It ended nearly 53 points higher at 4,739.6, easily beating the previous all-time high set on 16 May in post-election euphoria.
In the US, the Dow Jones index was 86 points higher at 7,565 by late morning, following the new records set on Friday and Monday. The Dow has gained more than 1,000 points this year.
By contrast, stock markets in continental Europe were quiet and flat as investors decided to wait and see what becomes of prospects for the single currency as a result of the new hurdles thrown up by the French government this week. Shares in Paris suffered slightly more, the CAC 40 index closing 22 points lower at 2,664.18.

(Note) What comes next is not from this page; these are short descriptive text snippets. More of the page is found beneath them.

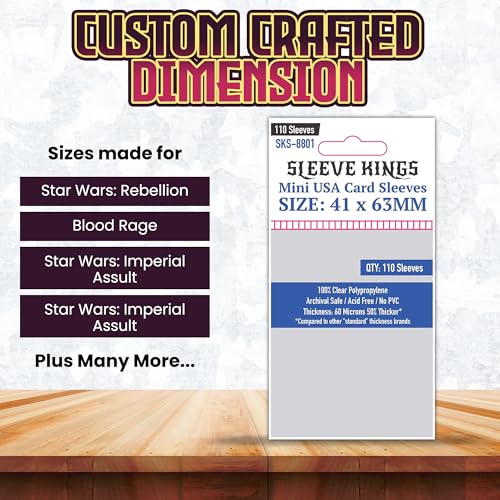 Sleeve Kings Mini USA Card Sleeves 41 x 63 mm – 110 Pack, Extra Clear 60 Micron Polypropylene, Acid-Free, PVC-Free – SKS-8801 - size: 41 x 63 mm, style: Mini USA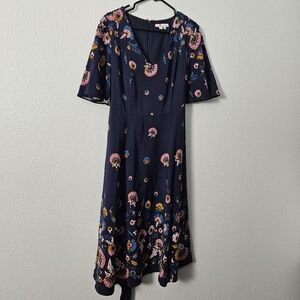 Boden Navy Floral Midi Dress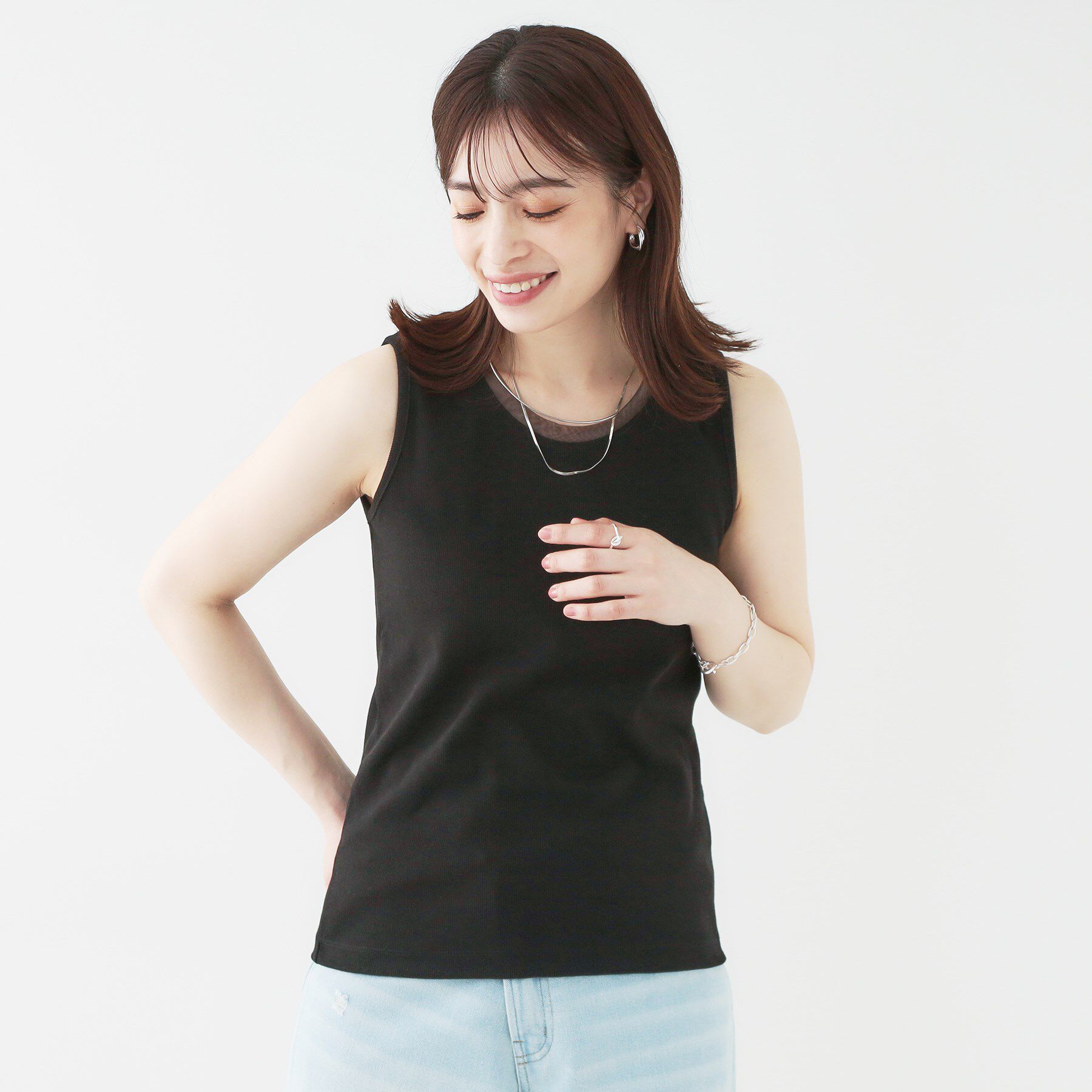 SHOO･LA･RUE「【洗える/S-LL】シアーネックがこなれ見え リブタンクトップ」|Tシャツ・カットソー|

Paul O'Connor, an equity strategist at BZW, said the biggest reason for London's advance yesterday was the rise in Wall Street. But he added: "A lot of people are rotating out of the continental European markets, at least in the short term."

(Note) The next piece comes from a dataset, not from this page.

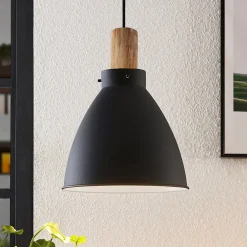 Lindby Pendellamper|Pendellamper > hængelampe Trebale, E27, Ø 28 cm, sort, træ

Wall Street has been boosted by the diminishing fears that the Federal Reserve will raise interest rates again when it meets in July. In particular, figures on Friday showed that the increase in non-farm employment last month was, at 138,000, far lower than expected. The figures suggested that the US economy is sustaining its astonishing mix of buoyant growth and low inflation.
Although Wall Street was the main explanation for yesterday's soaring share prices in London, they are also expected to be supported by this year's building society flotations.